2

I've got a dataset of transactions that i'm trying to summarize by year but when i run the output is the individual amounts by transaction. I've imported a csv into into python using pd.read_csv and cleaned up a few of the columns in the dataframe as well as adding new ones.

I'm using the following code that's generating the output below

df['Year'] = df['Date'].dt.year
df.groupby(df['Year'])['revenue'].agg(['sum'])

OUTPUT
    Year                                       Sum
    2015      1203.21 1732.12 2551.01 1733.12 1323.44
    2016      3203.21 1532.12 4431.01 1433.12 7323.44
    2017      2203.21 122.12 131.01 1293.12 4223.44
    2018      6203.21 232.12 1131.01 1533.12 4323.44

I have the following line of code to convert 'revenue' from string to float

pd.to_numeric(df['revenue'])

Year, Date and revenue are all columns in my dataframe.

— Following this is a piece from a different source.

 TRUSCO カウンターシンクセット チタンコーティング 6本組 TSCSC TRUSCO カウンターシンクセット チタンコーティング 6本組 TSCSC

I want to be able to have one total for each year above as opposed to seeing the value of the individual transactions. Thanks.

wolfblitza
  • 477
  • 1
  • 5
  • 16
  • 1
    What is the output of `df[['Year', 'revenue']].head()`? It looks like you are summing strings. – Alexander Nov 26 '19 at 05:55
  • The output is the values of the first four transactions for the first year of data. I updated the original question to include the code i have converting the string to float – wolfblitza Nov 26 '19 at 06:00
  • To see if it might be a string for the revenues, try: `df.groupby('Year')['revenue'].apply(lambda x: x.str.strip().astype(float).sum())`. If that works, that you should first convert the `revenue` column to floats before applying the `groupby`. – Alexander Nov 26 '19 at 06:05
  • I think you are close, only is necessary assign - `df['revenue'] = pd.to_numeric(df['revenue'])` and then `df['Year'] = df['Date'].dt.year df.groupby(df['Year'])['revenue'].agg(['sum']) ` – jezrael Nov 26 '19 at 06:14
  • Thanks Jezrael. That works. Alexander, is the code you are proposing converting the revenue to a float if it were an string? – wolfblitza Nov 26 '19 at 06:21
  • @wolfblitza Yes, I was proposing you first transform the revenue via `df['revenue'] = df['revenue'].astype(float)`, but it appears that you have now figured that out. – Alexander Nov 26 '19 at 06:51

2 Answers2

0

The code proposed by Jezrael above works as intended. I was using pd.to_numeric(df['revenue']) but have now changed it to df['revenue'] = pd.to_numeric(df['revenue'])

wolfblitza
  • 477
  • 1
  • 5
  • 16
0

You can assign back output of to_numeric function, because not working inplace:

df['revenue'] = pd.to_numeric(df['revenue'])

Alternative solution:

df['revenue'] = df['revenue'].astype(float)

df['Year'] = df['Date'].dt.year 
df1 = df.groupby('Year', as_index=False)['revenue'].sum()

If want one line solution:

df1=pd.to_numeric(df['revenue']).groupby(df['Date'].dt.year.rename('Year')).sum().reset_index()
jezrael
  • 822,522
  • 95
  • 1,334
  • 1,252